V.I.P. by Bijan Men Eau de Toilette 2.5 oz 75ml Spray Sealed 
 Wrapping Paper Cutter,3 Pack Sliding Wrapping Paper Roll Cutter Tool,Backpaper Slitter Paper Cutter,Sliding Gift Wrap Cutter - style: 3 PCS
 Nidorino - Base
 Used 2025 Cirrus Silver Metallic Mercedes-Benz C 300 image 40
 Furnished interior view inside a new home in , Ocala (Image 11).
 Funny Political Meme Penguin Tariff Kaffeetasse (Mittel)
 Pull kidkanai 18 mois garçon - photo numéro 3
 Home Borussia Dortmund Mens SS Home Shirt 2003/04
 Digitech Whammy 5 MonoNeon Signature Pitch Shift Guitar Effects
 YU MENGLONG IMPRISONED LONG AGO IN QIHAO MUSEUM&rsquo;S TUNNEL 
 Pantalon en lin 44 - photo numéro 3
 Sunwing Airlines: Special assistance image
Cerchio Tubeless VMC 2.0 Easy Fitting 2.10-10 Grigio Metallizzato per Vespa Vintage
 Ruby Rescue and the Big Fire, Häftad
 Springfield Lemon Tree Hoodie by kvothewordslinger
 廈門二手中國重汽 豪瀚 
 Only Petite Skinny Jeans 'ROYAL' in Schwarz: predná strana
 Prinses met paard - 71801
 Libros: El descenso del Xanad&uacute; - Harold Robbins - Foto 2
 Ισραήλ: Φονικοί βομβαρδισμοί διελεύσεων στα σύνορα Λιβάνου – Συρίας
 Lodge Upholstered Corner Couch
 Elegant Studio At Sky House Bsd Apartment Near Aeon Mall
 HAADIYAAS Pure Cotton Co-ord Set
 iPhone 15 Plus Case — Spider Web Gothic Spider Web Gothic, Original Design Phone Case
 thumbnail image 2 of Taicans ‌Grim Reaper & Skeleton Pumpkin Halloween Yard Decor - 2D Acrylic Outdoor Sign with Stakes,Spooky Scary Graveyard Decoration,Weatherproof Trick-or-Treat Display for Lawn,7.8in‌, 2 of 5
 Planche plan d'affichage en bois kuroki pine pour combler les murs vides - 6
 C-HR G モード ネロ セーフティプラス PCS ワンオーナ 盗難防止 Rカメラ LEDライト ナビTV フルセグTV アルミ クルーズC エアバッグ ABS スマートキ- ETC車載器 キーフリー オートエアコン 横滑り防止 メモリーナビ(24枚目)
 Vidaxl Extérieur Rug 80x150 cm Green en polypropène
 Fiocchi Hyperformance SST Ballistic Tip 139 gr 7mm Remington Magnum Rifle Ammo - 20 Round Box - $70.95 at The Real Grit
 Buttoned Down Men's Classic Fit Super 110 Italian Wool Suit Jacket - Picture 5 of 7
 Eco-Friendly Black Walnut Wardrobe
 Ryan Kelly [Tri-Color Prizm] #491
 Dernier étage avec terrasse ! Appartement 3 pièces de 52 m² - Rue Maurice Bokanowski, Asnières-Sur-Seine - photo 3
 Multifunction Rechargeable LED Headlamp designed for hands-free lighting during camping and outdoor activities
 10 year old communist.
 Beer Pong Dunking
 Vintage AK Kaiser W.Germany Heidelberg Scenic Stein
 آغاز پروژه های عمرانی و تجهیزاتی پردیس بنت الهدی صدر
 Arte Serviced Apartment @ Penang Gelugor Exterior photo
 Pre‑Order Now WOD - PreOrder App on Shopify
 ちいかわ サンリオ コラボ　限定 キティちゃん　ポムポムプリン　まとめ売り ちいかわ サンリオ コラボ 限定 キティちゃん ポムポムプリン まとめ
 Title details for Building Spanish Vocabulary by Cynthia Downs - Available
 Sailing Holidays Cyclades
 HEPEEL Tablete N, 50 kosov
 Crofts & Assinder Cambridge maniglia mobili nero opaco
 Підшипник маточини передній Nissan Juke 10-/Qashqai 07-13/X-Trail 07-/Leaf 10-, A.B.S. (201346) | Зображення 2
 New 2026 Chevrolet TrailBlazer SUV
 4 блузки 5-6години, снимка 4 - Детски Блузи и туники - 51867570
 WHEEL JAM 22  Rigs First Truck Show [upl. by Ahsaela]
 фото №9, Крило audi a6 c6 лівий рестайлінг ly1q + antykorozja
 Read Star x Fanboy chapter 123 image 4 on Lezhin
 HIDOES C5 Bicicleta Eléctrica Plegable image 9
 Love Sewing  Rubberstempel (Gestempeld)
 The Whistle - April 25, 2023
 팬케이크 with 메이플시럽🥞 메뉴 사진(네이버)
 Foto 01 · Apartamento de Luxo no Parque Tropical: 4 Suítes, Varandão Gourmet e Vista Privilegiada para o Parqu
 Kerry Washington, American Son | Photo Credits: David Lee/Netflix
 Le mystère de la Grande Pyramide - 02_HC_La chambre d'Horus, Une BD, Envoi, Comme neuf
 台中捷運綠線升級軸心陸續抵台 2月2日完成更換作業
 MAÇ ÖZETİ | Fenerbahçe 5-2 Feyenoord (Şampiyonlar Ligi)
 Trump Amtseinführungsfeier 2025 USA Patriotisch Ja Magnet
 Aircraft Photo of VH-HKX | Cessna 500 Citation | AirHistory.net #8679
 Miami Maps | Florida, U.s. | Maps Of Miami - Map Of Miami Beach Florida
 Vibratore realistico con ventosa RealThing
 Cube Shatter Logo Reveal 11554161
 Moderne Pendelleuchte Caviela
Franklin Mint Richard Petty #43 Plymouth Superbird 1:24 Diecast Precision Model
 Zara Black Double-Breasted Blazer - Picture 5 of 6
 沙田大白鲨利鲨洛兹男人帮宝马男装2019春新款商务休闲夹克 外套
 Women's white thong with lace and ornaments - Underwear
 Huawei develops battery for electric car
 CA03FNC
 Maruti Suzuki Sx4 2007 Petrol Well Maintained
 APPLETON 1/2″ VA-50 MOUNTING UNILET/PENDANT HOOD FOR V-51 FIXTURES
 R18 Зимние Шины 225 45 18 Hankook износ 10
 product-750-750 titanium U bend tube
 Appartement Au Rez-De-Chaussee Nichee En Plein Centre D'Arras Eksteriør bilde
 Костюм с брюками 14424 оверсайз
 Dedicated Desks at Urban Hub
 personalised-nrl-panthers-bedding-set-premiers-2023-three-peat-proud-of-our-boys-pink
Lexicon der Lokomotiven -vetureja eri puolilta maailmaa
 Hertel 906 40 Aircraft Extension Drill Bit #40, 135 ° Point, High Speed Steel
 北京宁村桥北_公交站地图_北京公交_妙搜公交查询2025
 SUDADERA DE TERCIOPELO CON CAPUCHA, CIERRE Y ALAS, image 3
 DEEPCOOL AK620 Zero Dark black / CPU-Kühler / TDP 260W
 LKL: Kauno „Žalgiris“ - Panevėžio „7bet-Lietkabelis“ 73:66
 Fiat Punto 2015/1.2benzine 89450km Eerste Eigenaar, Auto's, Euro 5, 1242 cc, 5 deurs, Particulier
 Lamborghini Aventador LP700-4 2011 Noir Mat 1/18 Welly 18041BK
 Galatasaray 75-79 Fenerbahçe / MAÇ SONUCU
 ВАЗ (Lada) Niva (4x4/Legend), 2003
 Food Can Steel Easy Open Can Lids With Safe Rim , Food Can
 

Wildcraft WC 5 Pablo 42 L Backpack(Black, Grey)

▸ **GOAL OF THE EXERCISE**:
Every line of the listing is to be returned exactly as given.

▸ **ANSWER AREA**:
V.I.P. by Bijan Men Eau de Toilette 2.5 oz 75ml Spray Sealed 
 Wrapping Paper Cutter,3 Pack Sliding Wrapping Paper Roll Cutter Tool,Backpaper Slitter Paper Cutter,Sliding Gift Wrap Cutter - style: 3 PCS
 Nidorino - Base
 Used 2025 Cirrus Silver Metallic Mercedes-Benz C 300 image 40
 Furnished interior view inside a new home in , Ocala (Image 11).
 Funny Political Meme Penguin Tariff Kaffeetasse (Mittel)
 Pull kidkanai 18 mois garçon - photo numéro 3
 Home Borussia Dortmund Mens SS Home Shirt 2003/04
 Digitech Whammy 5 MonoNeon Signature Pitch Shift Guitar Effects
 YU MENGLONG IMPRISONED LONG AGO IN QIHAO MUSEUM&rsquo;S TUNNEL 
 Pantalon en lin 44 - photo numéro 3
 Sunwing Airlines: Special assistance image
Cerchio Tubeless VMC 2.0 Easy Fitting 2.10-10 Grigio Metallizzato per Vespa Vintage
 Ruby Rescue and the Big Fire, Häftad
 Springfield Lemon Tree Hoodie by kvothewordslinger
 廈門二手中國重汽 豪瀚 
 Only Petite Skinny Jeans 'ROYAL' in Schwarz: predná strana
 Prinses met paard - 71801
 Libros: El descenso del Xanad&uacute; - Harold Robbins - Foto 2
 Ισραήλ: Φονικοί βομβαρδισμοί διελεύσεων στα σύνορα Λιβάνου – Συρίας
 Lodge Upholstered Corner Couch
 Elegant Studio At Sky House Bsd Apartment Near Aeon Mall
 HAADIYAAS Pure Cotton Co-ord Set
 iPhone 15 Plus Case — Spider Web Gothic Spider Web Gothic, Original Design Phone Case
 thumbnail image 2 of Taicans ‌Grim Reaper & Skeleton Pumpkin Halloween Yard Decor - 2D Acrylic Outdoor Sign with Stakes,Spooky Scary Graveyard Decoration,Weatherproof Trick-or-Treat Display for Lawn,7.8in‌, 2 of 5
 Planche plan d'affichage en bois kuroki pine pour combler les murs vides - 6
 C-HR G モード ネロ セーフティプラス PCS ワンオーナ 盗難防止 Rカメラ LEDライト ナビTV フルセグTV アルミ クルーズC エアバッグ ABS スマートキ- ETC車載器 キーフリー オートエアコン 横滑り防止 メモリーナビ(24枚目)
 Vidaxl Extérieur Rug 80x150 cm Green en polypropène
 Fiocchi Hyperformance SST Ballistic Tip 139 gr 7mm Remington Magnum Rifle Ammo - 20 Round Box - $70.95 at The Real Grit
 Buttoned Down Men's Classic Fit Super 110 Italian Wool Suit Jacket - Picture 5 of 7
 Eco-Friendly Black Walnut Wardrobe
 Ryan Kelly [Tri-Color Prizm] #491
 Dernier étage avec terrasse ! Appartement 3 pièces de 52 m² - Rue Maurice Bokanowski, Asnières-Sur-Seine - photo 3
 Multifunction Rechargeable LED Headlamp designed for hands-free lighting during camping and outdoor activities
 10 year old communist.
 Beer Pong Dunking
 Vintage AK Kaiser W.Germany Heidelberg Scenic Stein
 آغاز پروژه های عمرانی و تجهیزاتی پردیس بنت الهدی صدر
 Arte Serviced Apartment @ Penang Gelugor Exterior photo
 Pre‑Order Now WOD - PreOrder App on Shopify
 ちいかわ サンリオ コラボ　限定 キティちゃん　ポムポムプリン　まとめ売り ちいかわ サンリオ コラボ 限定 キティちゃん ポムポムプリン まとめ
 Title details for Building Spanish Vocabulary by Cynthia Downs - Available
 Sailing Holidays Cyclades
 HEPEEL Tablete N, 50 kosov
 Crofts & Assinder Cambridge maniglia mobili nero opaco
 Підшипник маточини передній Nissan Juke 10-/Qashqai 07-13/X-Trail 07-/Leaf 10-, A.B.S. (201346) | Зображення 2
 New 2026 Chevrolet TrailBlazer SUV
 4 блузки 5-6години, снимка 4 - Детски Блузи и туники - 51867570
 WHEEL JAM 22  Rigs First Truck Show [upl. by Ahsaela]
 фото №9, Крило audi a6 c6 лівий рестайлінг ly1q + antykorozja
 Read Star x Fanboy chapter 123 image 4 on Lezhin
 HIDOES C5 Bicicleta Eléctrica Plegable image 9
 Love Sewing  Rubberstempel (Gestempeld)
 The Whistle - April 25, 2023
 팬케이크 with 메이플시럽🥞 메뉴 사진(네이버)
 Foto 01 · Apartamento de Luxo no Parque Tropical: 4 Suítes, Varandão Gourmet e Vista Privilegiada para o Parqu
 Kerry Washington, American Son | Photo Credits: David Lee/Netflix
 Le mystère de la Grande Pyramide - 02_HC_La chambre d'Horus, Une BD, Envoi, Comme neuf
 台中捷運綠線升級軸心陸續抵台 2月2日完成更換作業
 MAÇ ÖZETİ | Fenerbahçe 5-2 Feyenoord (Şampiyonlar Ligi)
 Trump Amtseinführungsfeier 2025 USA Patriotisch Ja Magnet
 Aircraft Photo of VH-HKX | Cessna 500 Citation | AirHistory.net #8679
 Miami Maps | Florida, U.s. | Maps Of Miami - Map Of Miami Beach Florida
 Vibratore realistico con ventosa RealThing
 Cube Shatter Logo Reveal 11554161
 Moderne Pendelleuchte Caviela
Franklin Mint Richard Petty #43 Plymouth Superbird 1:24 Diecast Precision Model
 Zara Black Double-Breasted Blazer - Picture 5 of 6
 沙田大白鲨利鲨洛兹男人帮宝马男装2019春新款商务休闲夹克 外套
 Women's white thong with lace and ornaments - Underwear
 Huawei develops battery for electric car
 CA03FNC
 Maruti Suzuki Sx4 2007 Petrol Well Maintained
 APPLETON 1/2″ VA-50 MOUNTING UNILET/PENDANT HOOD FOR V-51 FIXTURES
 R18 Зимние Шины 225 45 18 Hankook износ 10
 product-750-750 titanium U bend tube
 Appartement Au Rez-De-Chaussee Nichee En Plein Centre D'Arras Eksteriør bilde
 Костюм с брюками 14424 оверсайз
 Dedicated Desks at Urban Hub
 personalised-nrl-panthers-bedding-set-premiers-2023-three-peat-proud-of-our-boys-pink
Lexicon der Lokomotiven -vetureja eri puolilta maailmaa
 Hertel 906 40 Aircraft Extension Drill Bit #40, 135 ° Point, High Speed Steel
 北京宁村桥北_公交站地图_北京公交_妙搜公交查询2025
 SUDADERA DE TERCIOPELO CON CAPUCHA, CIERRE Y ALAS, image 3
 DEEPCOOL AK620 Zero Dark black / CPU-Kühler / TDP 260W
 LKL: Kauno „Žalgiris“ - Panevėžio „7bet-Lietkabelis“ 73:66
 Fiat Punto 2015/1.2benzine 89450km Eerste Eigenaar, Auto's, Euro 5, 1242 cc, 5 deurs, Particulier
 Lamborghini Aventador LP700-4 2011 Noir Mat 1/18 Welly 18041BK
 Galatasaray 75-79 Fenerbahçe / MAÇ SONUCU
 ВАЗ (Lada) Niva (4x4/Legend), 2003
 Food Can Steel Easy Open Can Lids With Safe Rim , Food Can
 

Wildcraft WC 5 Pablo 42 L Backpack(Black, Grey)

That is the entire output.